* _PROBLEM TO WORK ON_: Output the exact lines that start at the one containing "Botel Boathouse At" and continue to the last line of the entries below; do not output pictures.

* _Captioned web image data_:
● ● ● ●
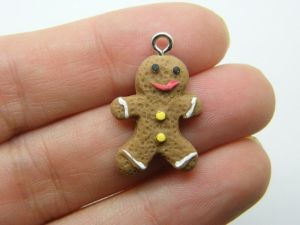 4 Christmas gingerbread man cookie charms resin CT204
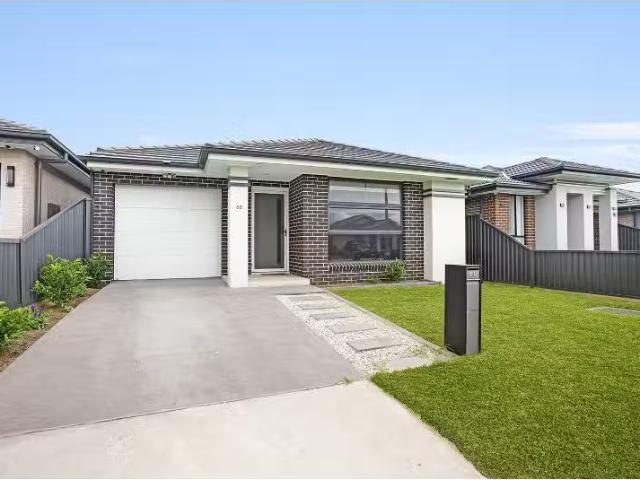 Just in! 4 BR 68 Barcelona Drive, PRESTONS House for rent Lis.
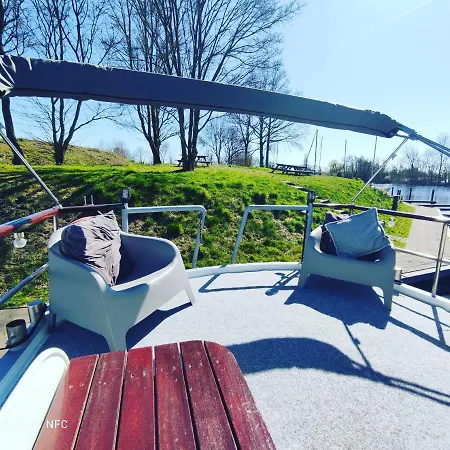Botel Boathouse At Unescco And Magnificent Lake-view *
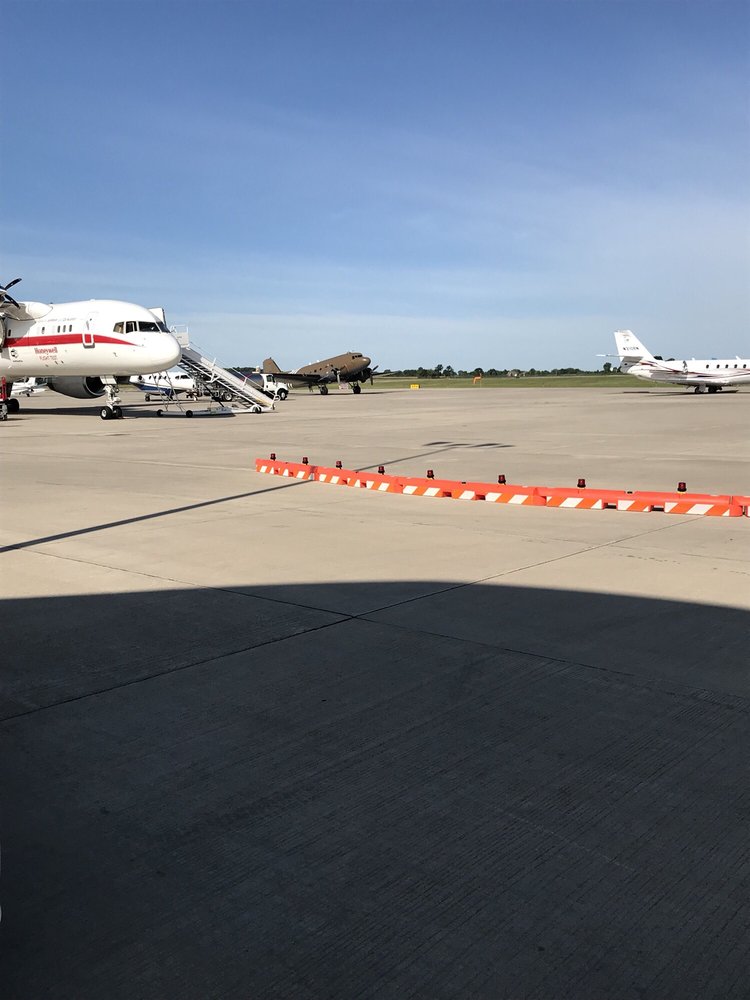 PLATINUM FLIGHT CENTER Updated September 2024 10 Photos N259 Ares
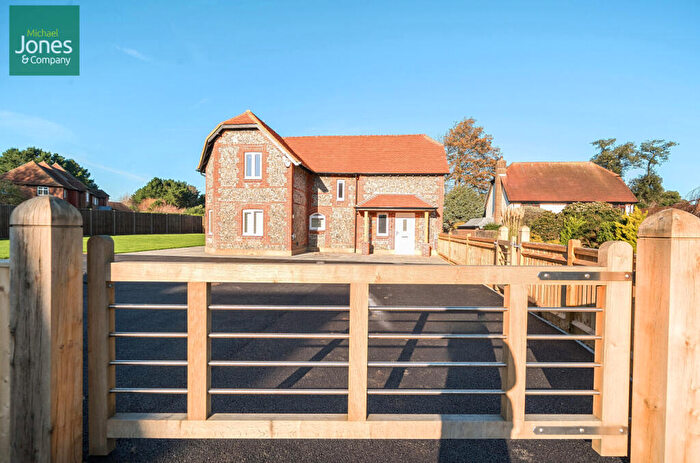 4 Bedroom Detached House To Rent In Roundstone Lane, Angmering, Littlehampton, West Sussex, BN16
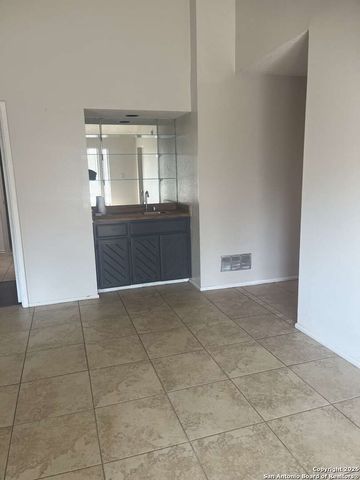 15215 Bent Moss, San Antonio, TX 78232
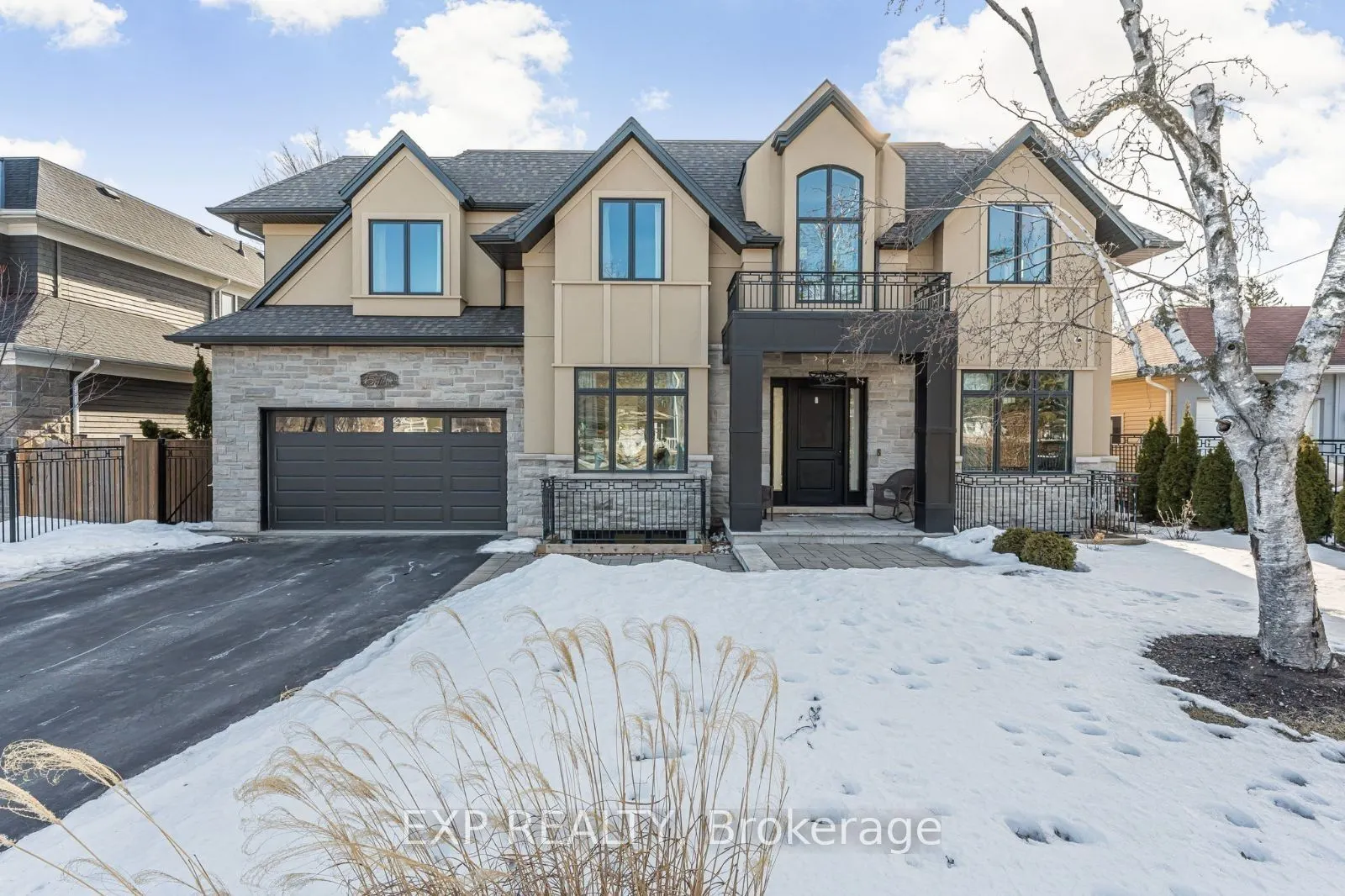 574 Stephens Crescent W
● ● ● ●
* _ANSWER TO THIS PROBLEM_:
Botel Boathouse At Unescco And Magnificent Lake-view *
 PLATINUM FLIGHT CENTER Updated September 2024 10 Photos N259 Ares
 4 Bedroom Detached House To Rent In Roundstone Lane, Angmering, Littlehampton, West Sussex, BN16
 15215 Bent Moss, San Antonio, TX 78232
 574 Stephens Crescent W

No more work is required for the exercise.